The main advantages of this study were that the sample was nationally representative, which can reflect the nutrition and health status of Chinese children. The data gave a general description of eating out behavior of Chinese children aged 6–17 years, and the result provided a reference for further research with similar situation. Additionally, as eating out has become an integral part of the daily life, many researches of relationship between eating out and dietary quality among children, while, insufficient guidance of the maximum recommended frequency of eating out were existed.
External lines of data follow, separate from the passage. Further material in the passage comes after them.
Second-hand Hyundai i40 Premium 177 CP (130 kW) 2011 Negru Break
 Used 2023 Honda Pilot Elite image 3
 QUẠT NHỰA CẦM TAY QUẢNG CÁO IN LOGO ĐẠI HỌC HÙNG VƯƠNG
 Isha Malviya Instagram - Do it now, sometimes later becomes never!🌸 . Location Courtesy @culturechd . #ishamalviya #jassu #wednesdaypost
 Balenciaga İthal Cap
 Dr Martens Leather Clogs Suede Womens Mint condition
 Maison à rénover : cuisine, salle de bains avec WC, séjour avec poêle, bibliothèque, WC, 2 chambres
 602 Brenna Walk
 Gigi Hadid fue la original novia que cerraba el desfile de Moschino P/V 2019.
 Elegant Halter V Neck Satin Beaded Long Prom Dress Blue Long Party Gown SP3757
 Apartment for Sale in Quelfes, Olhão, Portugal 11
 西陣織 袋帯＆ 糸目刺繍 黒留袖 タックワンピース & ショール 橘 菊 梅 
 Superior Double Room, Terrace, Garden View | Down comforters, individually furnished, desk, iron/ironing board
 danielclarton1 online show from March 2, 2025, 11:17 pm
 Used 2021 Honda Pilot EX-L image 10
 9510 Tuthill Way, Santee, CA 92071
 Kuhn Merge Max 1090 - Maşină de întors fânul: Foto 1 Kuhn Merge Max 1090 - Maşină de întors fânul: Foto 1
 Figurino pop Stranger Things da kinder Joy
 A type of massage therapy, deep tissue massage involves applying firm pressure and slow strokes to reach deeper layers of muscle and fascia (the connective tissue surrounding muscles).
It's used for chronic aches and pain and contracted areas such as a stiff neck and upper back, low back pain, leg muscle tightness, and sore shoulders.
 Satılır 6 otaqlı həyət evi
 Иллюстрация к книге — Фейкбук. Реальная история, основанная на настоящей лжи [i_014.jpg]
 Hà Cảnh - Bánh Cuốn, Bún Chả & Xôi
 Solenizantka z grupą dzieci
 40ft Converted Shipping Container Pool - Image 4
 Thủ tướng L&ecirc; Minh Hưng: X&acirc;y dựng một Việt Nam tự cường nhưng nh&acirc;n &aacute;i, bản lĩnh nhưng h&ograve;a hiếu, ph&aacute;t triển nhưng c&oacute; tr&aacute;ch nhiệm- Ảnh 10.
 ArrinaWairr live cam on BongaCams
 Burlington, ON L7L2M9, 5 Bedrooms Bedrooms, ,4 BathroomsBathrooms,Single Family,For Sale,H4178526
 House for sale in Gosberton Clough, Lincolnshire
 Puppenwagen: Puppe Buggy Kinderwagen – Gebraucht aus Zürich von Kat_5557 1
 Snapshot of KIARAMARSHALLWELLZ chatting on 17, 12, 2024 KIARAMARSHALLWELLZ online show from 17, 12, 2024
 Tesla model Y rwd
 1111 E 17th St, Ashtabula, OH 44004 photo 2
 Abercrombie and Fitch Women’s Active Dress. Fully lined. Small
The result of this study provide reference times for eating out by genders. However, the current study had several limitations. Firstly, as the definition of eating out which including restaurant only. Which may underestimate the frequency of eating out; secondly, this study was cross-sectional study, the causal relationship between the eating out and overweight and obesity cannot be determined; finally, The calculated intake of energy and other nutrients is deficient, only the frequency of eating out in the interview-administered questionnaire table are analyzed. Therefore, the conclusion of the study still has practical significance.

Conclusion

In conclusion, the result of this study demonstrated that the prevalence of eating out was 23.3% among Chinese children. Younger children, urban children and children from low-income family were more likely to eat out. Thus, dietary nutritional education and intervention about healthy eating is necessary. Considering the higher risk overweight and obesity among boys, interventions regarding eating out should tailor messages appropriately to target specific subjects by genders. From a public health perspective, the result suggested that interventions are needed to strengthen the monitoring of the situation of children eating out, thus contributing to reduce the potential enormous economic costs that are associated with eating out behavior-related illnesses, such as overweight and obesity.